There are a number of ways to measure this turnaround. First and foremost, the number of domestic franchised locations grew from 1,451 at the end of Ms. Bachelder’s first year as CEO to 1,934 units as of July 10, 2016, an increase of 33 percent. The stock price of the franchisor, a way of measuring Wall Street’s appraisal of the CEOs leadership principles and style, rose from just over $13 per share in 2007 to nearly $55 per share as of August. Moreover, even a cursory examination of SEC filings, and an examination of her salary stock-option awards in stock awards, would show that Ms. Bachelder has been richly rewarded for her turnaround of the company.

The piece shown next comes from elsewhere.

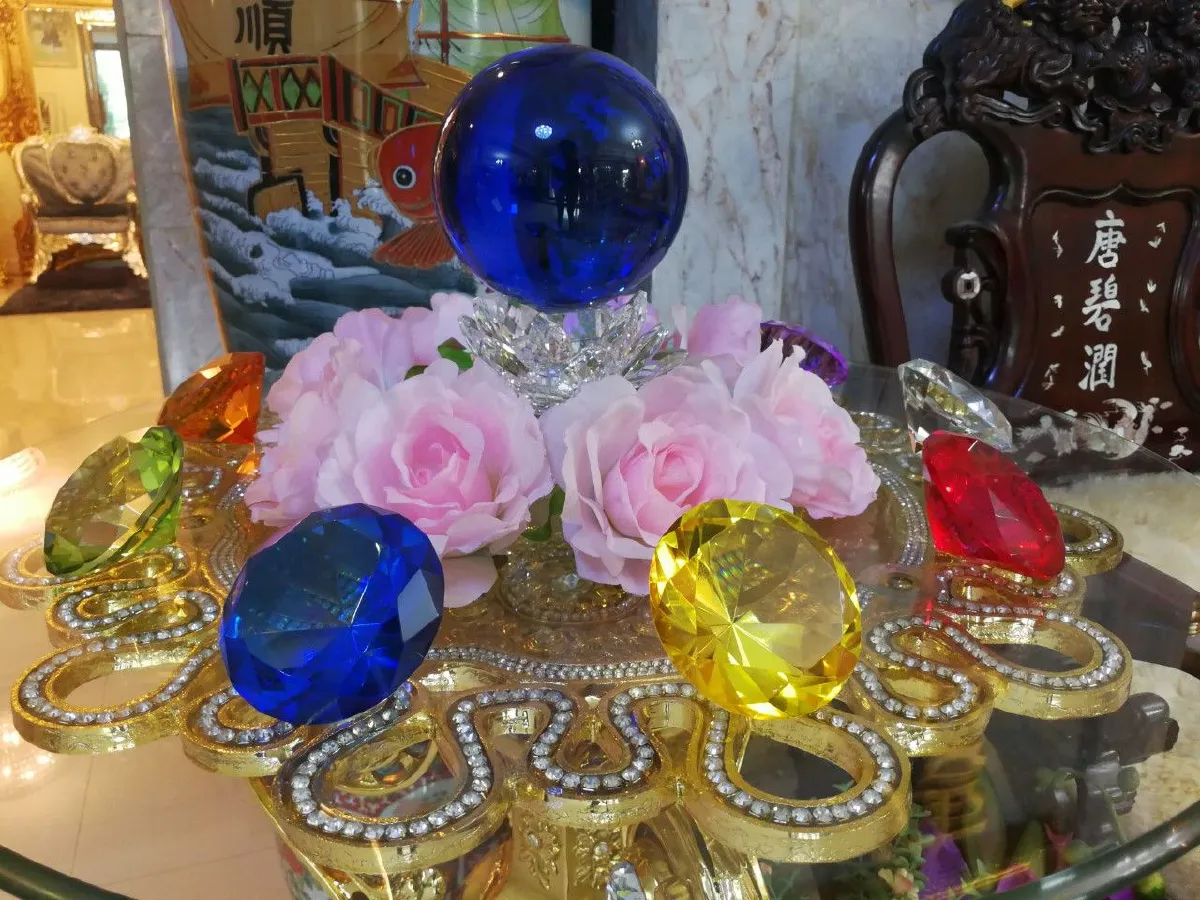 เกรซ กาญจน์เกล้า เปิดบ้านหรู เน้นสไตล์การตกแต่งสุดอลังการ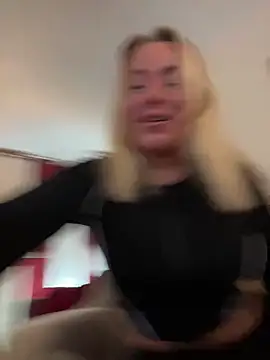 Snapshot of ChristyAdair chatting on 01/01/25, 04:50 ChristyAdair online show from 01/01/25, 04:50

In explaining the path to this result, Ms. Bachelder states, “The Popeyes turnaround has become a case study in what happens when leaders think about serving others—in this case, our franchisees. Leadership is an active stewardship, not a practice that is solely for your personal benefit. The test of our leadership is simple: Are the people entrusted to our care better off?”

To be sure, the relationship between Popeyes and its independent association is far from perfect, and occasionally involves bumps in the road. But the level of communication, interaction, dialogue and mutual respect is indeed admirable.

Ms. Bachelder’s message: treat franchisees fairly and treat them as partners, not adversaries, not only because it’s the right thing to do, but because it’s good for business.

If SEI wants this system to advance, to grow, to adapt to changing customer expectations and rapidly expanding technology, to meet its external and external challenges, it needs to pay more attention to, and—as Ms. Bachelder argues—serve its franchise owners. This means more collaboration, more transparency and more attention to the bottom line of each and every franchised location in the country.

To SEI I say, please learn from one of the most successful franchise executives in the country, and listen to the company’s shareholders and to its franchise owners. You have nothing to lose and a great deal to gain.